Artificial Intelligence



  • Supervised Learning (Classification): is powerful when the classifications are known to be correct for instance, when dealing with diseases.
  • Unsupervised Learning (Clustring): can be useful to find hidden structure in unlabeled data.
  • Reinforcement Learning (Regression): can provide powerful tools which allow agents to adopt and improve quickly, even in complex scenarios such as strategy games. It interacts with its environment in discrete time steps.

AI in Steps

Most common steps towards creating artificial intelligence are -

  • Know the Domain, what you are solving for
  • Study the data — Data Mining
  • Cleanse , Normalize Data, develop tools
  • Choose a Model
  • Test with Few Models —> Shortlist the Optimum Models — >Pick the best Model
  • Train/Fine Tune/AB Test The Model
  • Correct If Model Overfitting or Underfitting
  • Quantify The Model — Monitoring Errors, Learnings, Positive Impact

ML Pipeline

Model Selection

Based on the understanding of the domain you are solving for and data knowledge, one is well equipped to select models that would work best.

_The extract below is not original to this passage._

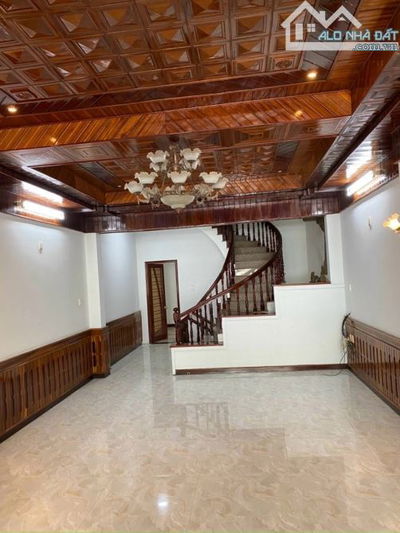 SẬP HẦM BÁN NHANH NHÀ 4 TẦNG 100m2-MẶT TIỀN HÀ HUY TẬP-GẦN CHỢ-BIỂN-KD KHÔNG NGHỈ-12.X TỶ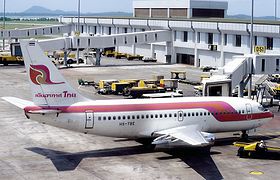 Un Boeing 737-200 de :Thai Airways Company (en), similaire à celui impliqué dans l'accident.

Some examples -

  1. Supervised Learning
    • k-Nearest Neighbors
    • Linear Regression/Polynomial Regression
    • Support Vector Machines (SVM)
    • Decision Trees, Random Forests
  2. Unsupervised Learning
    • Clustering
    • k-Means
    • Hierarchical Cluster Analysis (HCA)
    • Expectation Maximization
  3. Semi-supervised Learning
  4. Reinforcement Learning
  5. Deep Learning
  6. Recurrent Neural Networks

Library Selection

There are readily available algorithms for different modes of machine learning in different languages, platforms.Some examples -

Feature Selection

Feature selection is the process of selecting a subset of relevant features for use in model construction. Feature selection is itself useful, but it mostly acts as a filter, muting out features that aren’t useful in addition to your existing features. Feature selection techniques are used for four reasons:

  • simplification of models to make them easier to interpret,
  • shorter training times,
  • to avoid the curse of dimensionality,
  • enhanced generalization by reducing overfitting

Feature selection is different from dimensionality reduction. Both methods seek to reduce the number of attributes in the dataset, but a dimensionality reduction method do so by creating new combinations of attributes, where as feature selection methods include and exclude attributes present in the data without changing them. Examples of dimensionality reduction methods include Principal Component Analysis, Singular Value Decomposition and Sammon’s Mapping.

Feature selection methods can be used to identify and remove unneeded, irrelevant and redundant attributes from data that do not contribute to the accuracy of a predictive model or may in fact decrease the accuracy of the model. Fewer attributes is desirable because it reduces the complexity of the model, and a simpler model is simpler to understand and explain.

The objective of feature selection is three-fold:

  • improving the prediction performance of the predictors,
  • providing faster and more cost-effective predictors,
  • and providing a better understanding of the underlying process that generated the data.